Our own review of the video shows that only a small portion of the front driver's side window is visible. Considering the pre-dawn lighting conditions, the distance between the stationary police car and defendant's moving vehicle, and the angle at which defendant's Audi passed by the parked police car, the video does not establish-even to the mere reasonable-suspicion standard of proof-that the window tinting would inhibit an officer from clearly seeing the driver in the unlit passenger compartment. Indeed, given these conditions, it is doubtful the officer could have clearly seen the driver even if the front side window was not tinted at all. Any inhibition in clearly observing the driver, in other words, was not attributable to the window tinting, but rather to other conditions and circumstances beyond defendant's control. See Smith, 251 N.J. at 266 (The State must present evidence "that tinting . . . inhibited officers' ability to clearly see the vehicle's occupants or articles inside." (emphasis added)). The present situation is thus distinguishable from Cohen, where we noted that the officer's reasonable suspicion was "based upon his initial observation that the windows were so darkly tinted as to obstruct vision." 347 N.J.Super. at 380 (emphasis added).
In sum, the video recording does not change our analysis. We thus conclude the State failed to meet its burden at the suppression hearing, and that the gun found in the trunk must be suppressed as a fruit of the unlawful motor vehicle stop. See Wong Sun, 371 U.S. at 484-88 (holding the exclusionary rule extends to direct and indirect products of unlawful police conduct). Accordingly, we need not address defendant's remaining Fourth Amendment contentions that the trial judge erred in ruling that: (1) defendant knowingly and voluntarily consented to the search of the trunk; and (2) even if the consent-to-search was invalid, the warrantless search of the trunk was authorized under the New Jersey automobile exception, State v. Witt, 223 N.J. 409 (2015).

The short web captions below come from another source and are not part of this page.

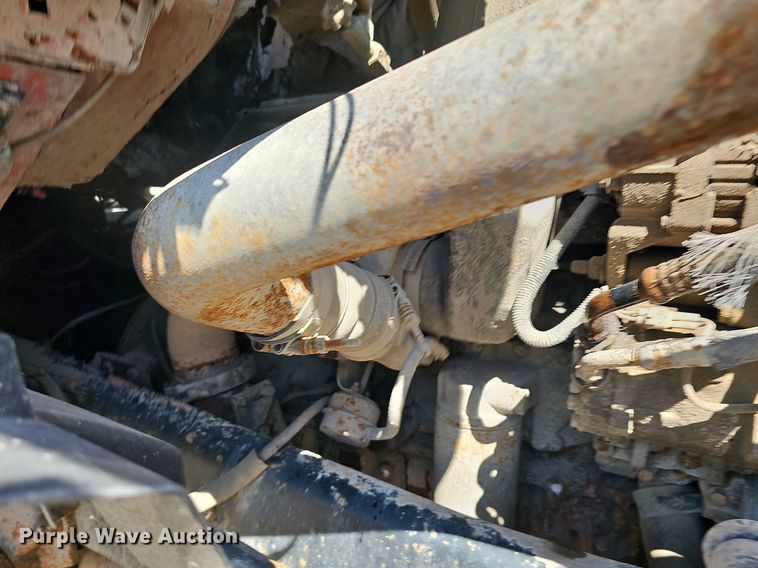 image for item DN8582 2001 Sterling LT7500  dump truck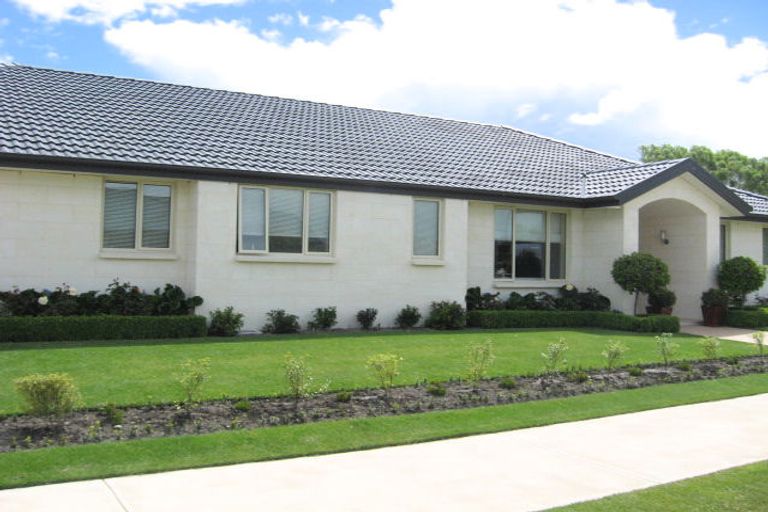 Photo of property in 2 Panache Place, Northwood, Christchurch, 8051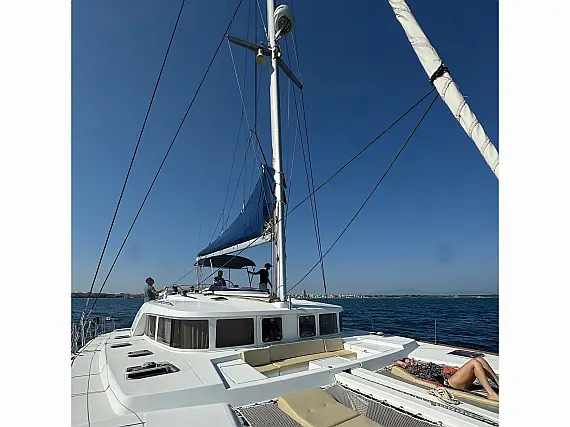 Lagoon 44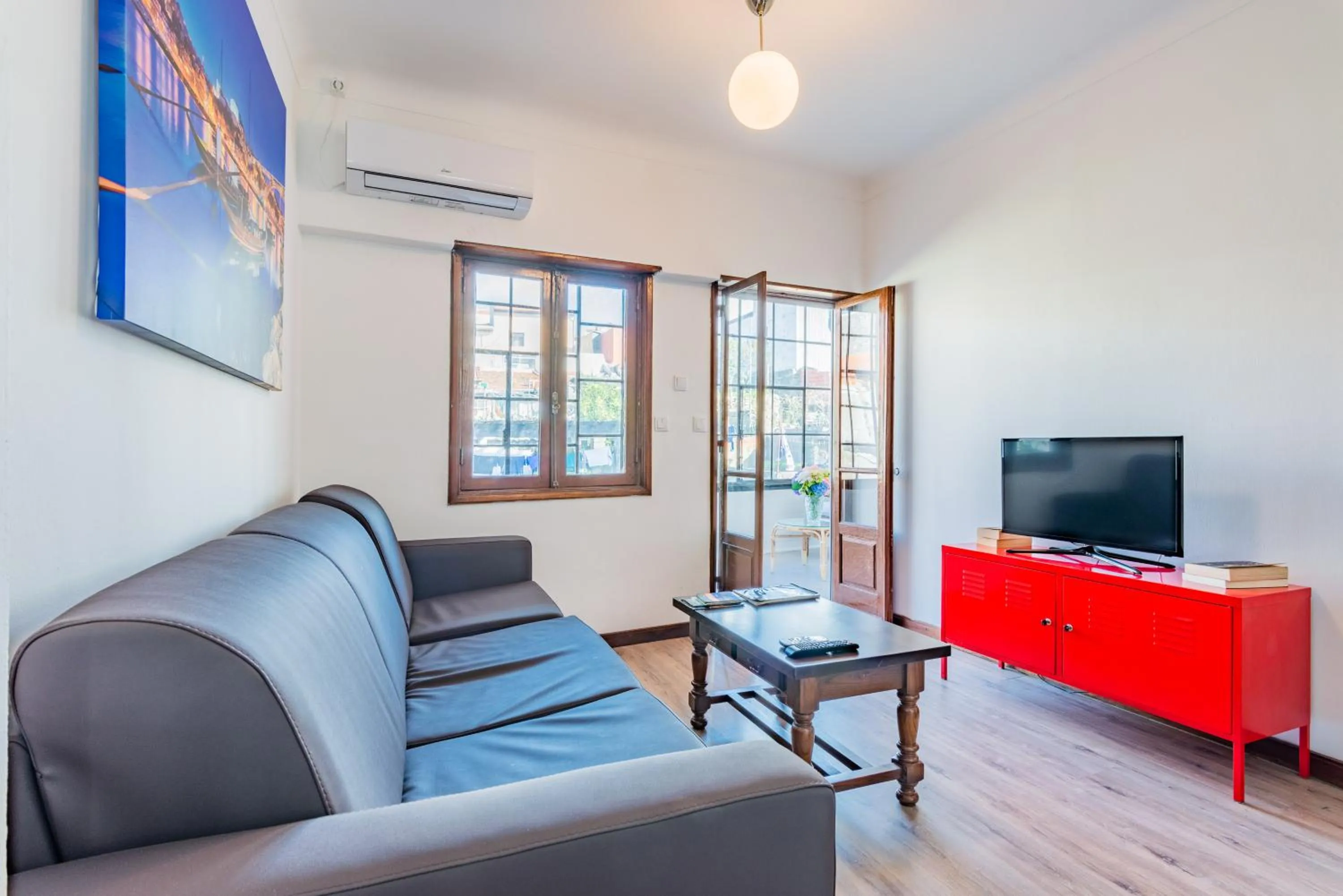 Riverside City Centre Apartments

Relatedly, because defendant's trial conviction must be vacated, we need not address defendant's sentencing contention or his novel arguments that: (1) the statutory permissive inferences established in N.J.S.A. 2C:39-2 are unconstitutional; and (2) the crime of possessing a handgun without a permit codified in N.J.S.A. 2C:39-5(b) violates the Second Amendment. See Comm. to Recall Robert Menendez from the Off, of U.S. Senator v. Wells, 204 N.J. 79, 95 (2010) (As a general principle, courts "strive to avoid reaching constitutional questions unless required to do so."); Randolph Town Center, L.P. v. Cnty. of Morris, 186 N.J. 78, 80 (2006) ("Courts should not reach a constitutional question unless its resolution is imperative to the disposition of litigation" (citing In re N.J. Am. Water Co., 169 N.J. 181, 197 (2001))).
We reverse, vacate defendant's conviction and sentence, and remand for the trial court to arrange for defendant's release if he is still confined. We do not retain jurisdiction.